1974 – present
1974-78 regularly visited friends at 500 Broadway. In 1978 I moved to 39 Walker St, a building, owned by Gordon Matta Clark, Carol Gooden and Dennis Oppenheim and run by the artists and musicians who lived in it. Two of the original artists continue to live here.
Artist with side jobs in graphic design.
I miss the restaurant, FOOD and the fellow artists who cooked there and together pioneered my building and the neighborhood. I miss all the small manufacturing businesses and textile businesses where artists got rolls of fabric remnants. I miss the canvas companies and their sewing and grometting services as well as the discount hardware stores that lined Canal St. Artists could get amazing materials and help with fabricating their artworks right in the neighborhood. I miss Pearl Paint, Canal Jeans, The old fashioned Self Service Store, a general store that had everything you could ever need in long rows of bins.
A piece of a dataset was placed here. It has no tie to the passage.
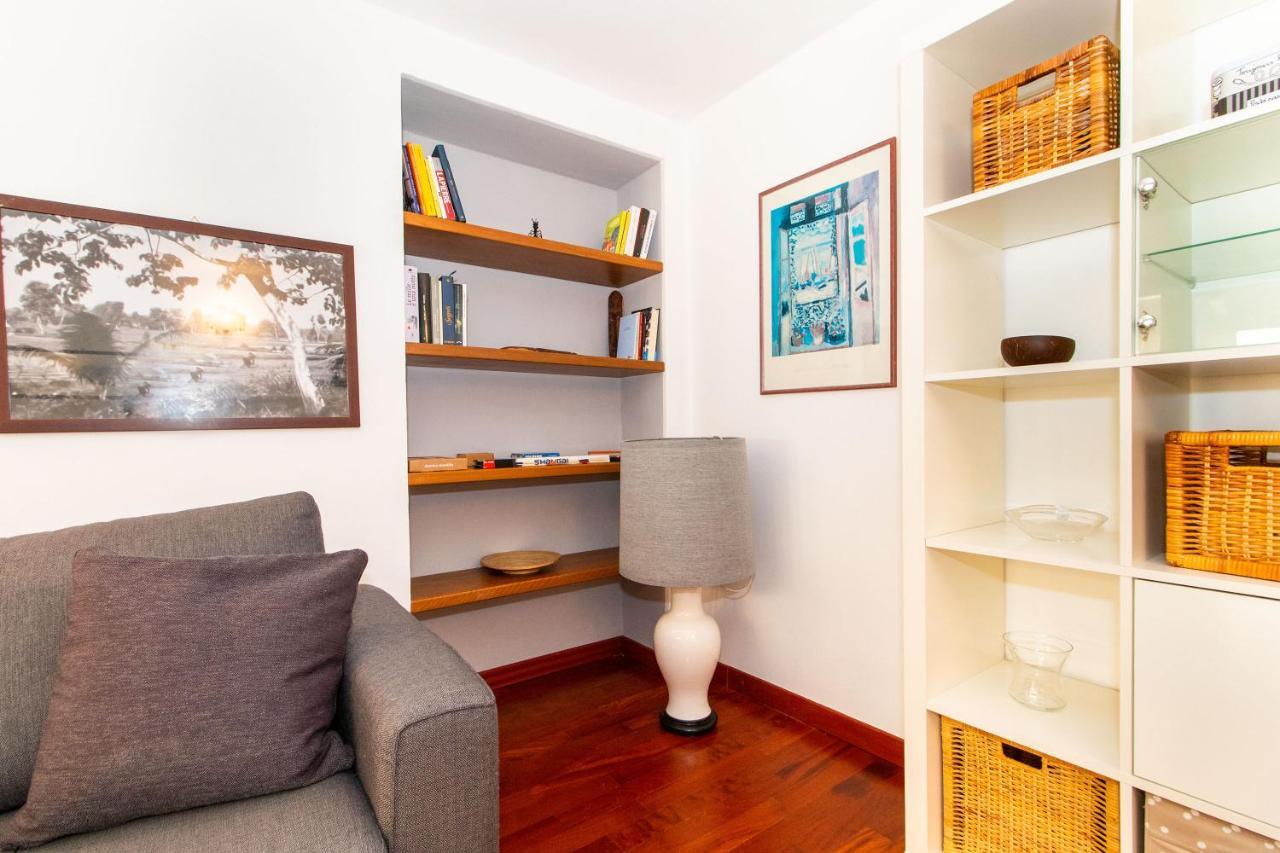 Quadrilatero Romano Central Apartment Turin Exterior photo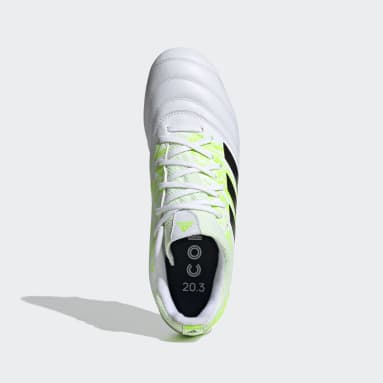 Men Football Copa 20.3 Firm Ground Boots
I miss the wholesale food importers like the gourmet garage, when it was a real garage where you got espresso beans by the kilo. I miss the Spice Store on Canal St with every spice and canned good under the sun. I also really miss the Kosher dairy restaurants that used to be all over Soho, and Dave’s Luncheonette on the corner of Canal and Broadway where all the cabbies stopped for a hot dog and an egg cream served to them from the outdoor window. I miss the Chinese fresh noodle and tofu and congee shops. I also miss the Italian neighborhood in Soho with the church where my roommate’s son was Baptised, and the bread bakery and pork sausage store, and the cheese store with fresh mozzarella hourly and Augie’s cafè, bookie joint. Pino the excellent butcher is the last Italian store still in business below Houston St. I could go on…
Legal battles to stay in our loft.
The best memories are of the beautiful sounds of Richard Peck’s saxophone reverberating in the alley when he practiced, and the Philip Glass Ensemble rehearsing Einstein on the Beach upstairs. I loved Nancy Lewis’s choreography and the wonderful gumbo parties she and Richard gave for all the neighbors, and the cameraderie of artists helping each other to renovate and maintain the building. We all had antique "Peerless" stoves the artists got from a demolition. (See photo).
I will never leave.
We stayed through 9/11. I remember speaking to Elisabeth Murray, yelling up to her on her White St. fire escape while watching Building 7 collapse. She had her painting apron on, an example to us to go back to our studios, shut out the dust with plastic on the windows, and keep on painting. We didn’t open the windows for many months.